Maybe there's hope for some of those immersed in left-wing media.
Liberal radio host Ed Schultz has been decidedly skeptical about claims emanating from the Obama inner circle about whether contact was made between Illinois Gov. Rod Blagojevich and Obama or his surrogates on filling Obama's Senate vacancy.
Schultz hammered away at this on Wednesday's show, focusing on what could be Obama's Achilles' heel in the affair, senior adviser David Axelrod's statement on Nov. 23 that Obama and Blagojevich had spoken about the vacancy (after the scandal broke, Axelrod claimed he "misspoke").
After playing a clip of Axelrod's statement on Nov. 23, Schultz had this to say (audio) --
Well, OK, how can any fair-minded American say, well, that's OK, we're done with that angle of the story. Wait a minute. This is a clear, admitted discrepancy and it makes people wonder what the hell's going on here.
Schultz continued in the same vein in taking calls from listeners, including this response from a caller who praised him for his skepticism (audio) --
Well, look, I think you have to be living underneath a rock not to admit that there are some discrepancies here. There isn't anybody closer to Barack Obama than Axelrod. Axelrod says one thing and then he puts out a statement after the fact saying something else. How can any fair-minded American say, Hey! That's just a mistake. OK, if you want to accept that, that's fine, but I think in fairness we need to point that out. The second thing is, we need to point out, that whether you love Barack Obama or not or whatever, he gave us some Bush-speak yesterday, OK? He has not called for the resignation of the governor but other people have. People are looking to Barack Obama right now, looking for some leadership on this. And to say that he's had no contact? Now, I'm going to take this even a step further, Al (caller). Let me paint this picture. You have two people from the same party, one's a governor, one just got elected to the presidency of the United States. There is a vacancy. How rare would it be for those two not to have any conversation, any contact whatsoever about who's going to go into that vacant Senate seat? I'm just asking the question. How rare is that?

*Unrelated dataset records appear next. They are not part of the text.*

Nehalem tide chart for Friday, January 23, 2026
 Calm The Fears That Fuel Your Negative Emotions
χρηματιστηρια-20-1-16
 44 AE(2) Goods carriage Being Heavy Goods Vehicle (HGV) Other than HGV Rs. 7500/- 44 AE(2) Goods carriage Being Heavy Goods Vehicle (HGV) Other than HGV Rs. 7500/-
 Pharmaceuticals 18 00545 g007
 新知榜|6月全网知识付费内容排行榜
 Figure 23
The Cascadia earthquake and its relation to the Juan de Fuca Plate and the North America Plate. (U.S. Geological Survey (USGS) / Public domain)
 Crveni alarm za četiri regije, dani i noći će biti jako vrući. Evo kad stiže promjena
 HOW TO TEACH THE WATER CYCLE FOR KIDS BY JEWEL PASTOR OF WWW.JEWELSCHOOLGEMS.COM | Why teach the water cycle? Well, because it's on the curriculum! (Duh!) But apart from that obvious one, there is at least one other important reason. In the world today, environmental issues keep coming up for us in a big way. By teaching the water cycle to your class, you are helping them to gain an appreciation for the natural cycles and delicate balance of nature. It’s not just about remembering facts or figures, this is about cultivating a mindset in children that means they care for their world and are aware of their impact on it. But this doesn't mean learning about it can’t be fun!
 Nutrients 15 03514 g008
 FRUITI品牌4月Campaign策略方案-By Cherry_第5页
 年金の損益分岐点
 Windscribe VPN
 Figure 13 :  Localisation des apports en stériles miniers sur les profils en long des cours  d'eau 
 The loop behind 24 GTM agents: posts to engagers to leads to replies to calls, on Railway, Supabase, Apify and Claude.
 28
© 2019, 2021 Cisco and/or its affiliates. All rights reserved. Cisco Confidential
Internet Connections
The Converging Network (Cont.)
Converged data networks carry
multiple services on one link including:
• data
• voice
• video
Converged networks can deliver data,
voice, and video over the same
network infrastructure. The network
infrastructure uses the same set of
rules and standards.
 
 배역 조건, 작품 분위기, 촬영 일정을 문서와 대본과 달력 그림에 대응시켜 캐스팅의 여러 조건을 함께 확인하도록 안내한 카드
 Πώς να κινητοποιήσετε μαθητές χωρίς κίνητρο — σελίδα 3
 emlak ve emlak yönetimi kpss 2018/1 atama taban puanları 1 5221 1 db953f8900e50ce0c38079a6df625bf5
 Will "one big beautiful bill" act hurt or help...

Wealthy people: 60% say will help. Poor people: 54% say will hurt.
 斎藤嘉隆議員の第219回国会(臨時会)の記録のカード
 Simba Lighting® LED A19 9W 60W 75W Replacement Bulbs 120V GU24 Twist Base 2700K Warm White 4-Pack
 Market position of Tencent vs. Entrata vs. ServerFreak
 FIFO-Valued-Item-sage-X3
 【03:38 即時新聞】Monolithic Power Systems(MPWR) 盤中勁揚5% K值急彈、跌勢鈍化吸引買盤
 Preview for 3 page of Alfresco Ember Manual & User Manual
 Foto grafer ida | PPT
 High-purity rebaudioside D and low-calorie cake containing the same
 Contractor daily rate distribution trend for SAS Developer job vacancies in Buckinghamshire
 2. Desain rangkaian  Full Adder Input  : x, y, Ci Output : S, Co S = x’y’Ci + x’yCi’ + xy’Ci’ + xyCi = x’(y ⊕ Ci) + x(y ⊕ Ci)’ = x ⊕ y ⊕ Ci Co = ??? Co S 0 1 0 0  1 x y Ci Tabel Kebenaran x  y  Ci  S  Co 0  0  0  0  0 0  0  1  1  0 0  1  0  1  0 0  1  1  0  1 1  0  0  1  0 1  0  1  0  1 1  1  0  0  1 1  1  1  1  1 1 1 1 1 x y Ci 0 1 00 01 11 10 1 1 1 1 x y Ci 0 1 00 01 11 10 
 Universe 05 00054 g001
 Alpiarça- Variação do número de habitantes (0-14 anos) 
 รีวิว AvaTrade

Axelrod's claim that he "misspoke" didn't cut it, Schultz said (audio) --
Axelrod needs to do more than just put out a statement. I want to see him. I want to hear him. I want to make sure that he made a mistake. Because this soundbite is rather convincing to me in its face value (Axelrod statement played again, followed by Schultz announcing news that Obama is calling on Blagojevich to resign and saying, "Good call, Barack").
Schultz's skepticism was mirrored later on Wednesday when he spoke with ABC News White House correspondent Jake Tapper, to the point that Schultz's earlier comments could easily have been mistaken as queries from a seasoned and professional journalist.
Here's what Tapper had to say (audio) --
What's frustrating is, you know, if you read the criminal complaint against Gov. Blagojevich, there's nothing in here implying that President-elect Obama did anything wrong. In fact, you know, his team comes across as ones who are, as a team that is refusing to pay to play, refusing to give Gov. Blagojevich anything in exchange for naming their preferred candidate to the US Senate. But I don't really quite understand yet why it's taking so long to get answers to what seem to be fairly legitimate and logical questions about why so many members of the Obama inner circle are mentioned in this complaint ...
It would be unusual if nobody on the Obama team talked to anybody on the governor's team at all. Obviously there was a Senate seat to fill and Obama and Blagojevich have known each other for a few years, have some alliances, have some common friends, perhaps most especially Rahm Emanuel, so it would be normal for them to talk. So what did they talk about, was there anything, you know, why was Blagojevich so assured that nobody on the Obama team would give him anything in exchange for naming to the Senate seat? These aren't accusatory questions, these are questions to fill in some of the blanks.
Compare Schultz's criticism to the apologia offered Wednesday by Rachel Maddow on MSNBC, Obama's unofficial PR network. Obama may yet be implicated in the scandal, Maddow said, but based on what is known, "it seems that the GOP is screaming fire about one extinguished matchstick."
Clearly enough, it isn't just the "GOP" asking awkward questions about conflicting smoke signals from the Obama camp.